Beriman tidak bisa dilepaskan dari bertindak untuk menyelamatkan lingkungan hidup kita. Beriman tidak hanya sebatas pada soal ritual di ruang peribadatan, tetapi juga menyangkut melestarikan alam dan lingkungan hidup. Ini didasari pada hubungan antara Sang Pencipta yang menciptakan alam dan tugas kita sebagai ciptaan untuk melestarikan serta merawatnya. Sehingga, kita pantas mengajukan pertanyaan, apakah nurani kita masih mengingatkan kita akan dampak-dampak pengrusakan lingkungan yang kita timbulkan? Jika kita masih memalingkan muka, itu tandanya kita tidak mampu lagi untuk menaruh perhatian pada kenyataan hidup bahwa alam membutuhkan pembaruan. Usaha kita untuk beriman di tengah lingkungan hidup seakan mati dan tidak menghasilkan kebaruan apapun.

Ekologi dan persoalan lingkungan hidup

Istilah ‘ekologi’ terbentuk dari dua kata dasar Yunani, yaitu oikos (rumah, tempat tinggal) dan logos (kata, uraian). Secara harfiah, ekologi berarti penyelidikan tentang organisme-organisme dalam jagat raya. Ekologi juga memuat definisi yang bervariasi, sehingga kita tidak perlu melihat secara keseluruhan. Meski demikian, baiklah kita melihat satu definisi yang jelas. Ekologi dapat dirumuskan sebagai ilmu atau studi tentang organisme dalam hubungan dengan seluruh lingkungan hidup. Ekologi berusaha menyoroti, menganalisis, dan memajukan seluruh unsur dalam alam semesta.[1]
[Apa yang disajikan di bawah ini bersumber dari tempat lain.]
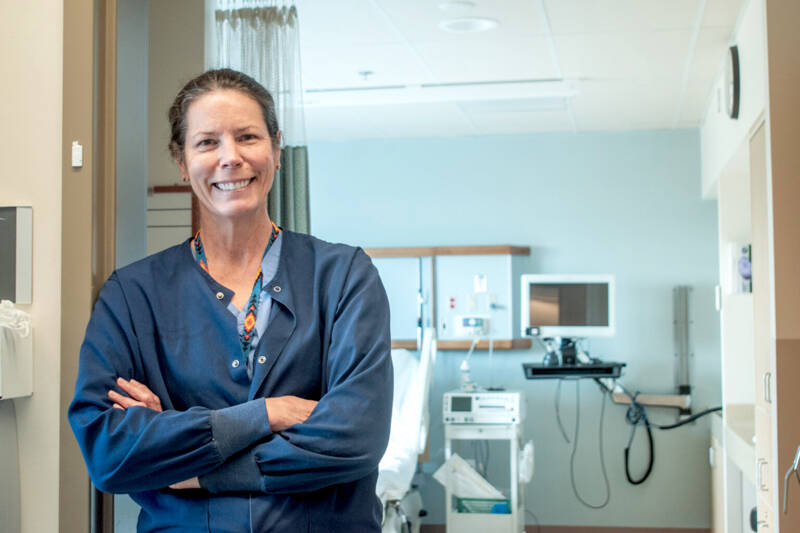 Tracy Ryan, a nurse at Jefferson Healthcare in Port Townsend, stands in front of one of the hospital’s maternity ward rooms. (Grace Deng/Washington State Standard)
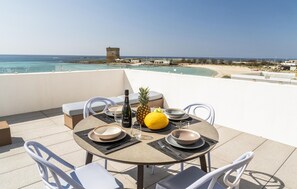 Ein runder Tisch mit vier Stühlen, eine Weinflasche, eine Ananas, eine Zitrone und eine Schüssel auf einer Terrasse mit Blick auf einen Strand und das Meer.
Ekologi bertanggung jawab untuk memberikan solusi bagaimana membuat lingkungan hidup ini menjadi hunian maupun tempat tinggal yang asri. Namun yang terjadi ternyata kebalikannya. Manusia belum mampu untuk memaksimalkan peran ekologi dalam melindungi lingkungan hidup ini. R.E. Suryaatmaja menulis demikian, “Perhatian terhadap SDA dalam bentuk air, tanah, udara, tumbuh-tumbuhan, seharusnya berada dalam domain ekologi. Tetapi sayang, orang-orang ekologi (dan juga orang-orang ekonomi) yang memperhatikan hubungan timbal balik antara makhluk hidup dengan air, tanah, melihatnya sebagai kebutuhan untuk menunjang ekonomi. Mereka terlalu asyik mempelajari hubungan tersebut sehingga tidak bermakna ekonomi yang sesungguhnya.”[2] Kita bisa saja melihat ada hubungan antara kenyataan bahwa kita harus menaklukan alam demi kehidupan manusia, tetapi lantas kita tidak bisa seenaknya memperlakukan alam sekehendak hati kita. Ini tidak sinkron dengan iman yang kita hayati.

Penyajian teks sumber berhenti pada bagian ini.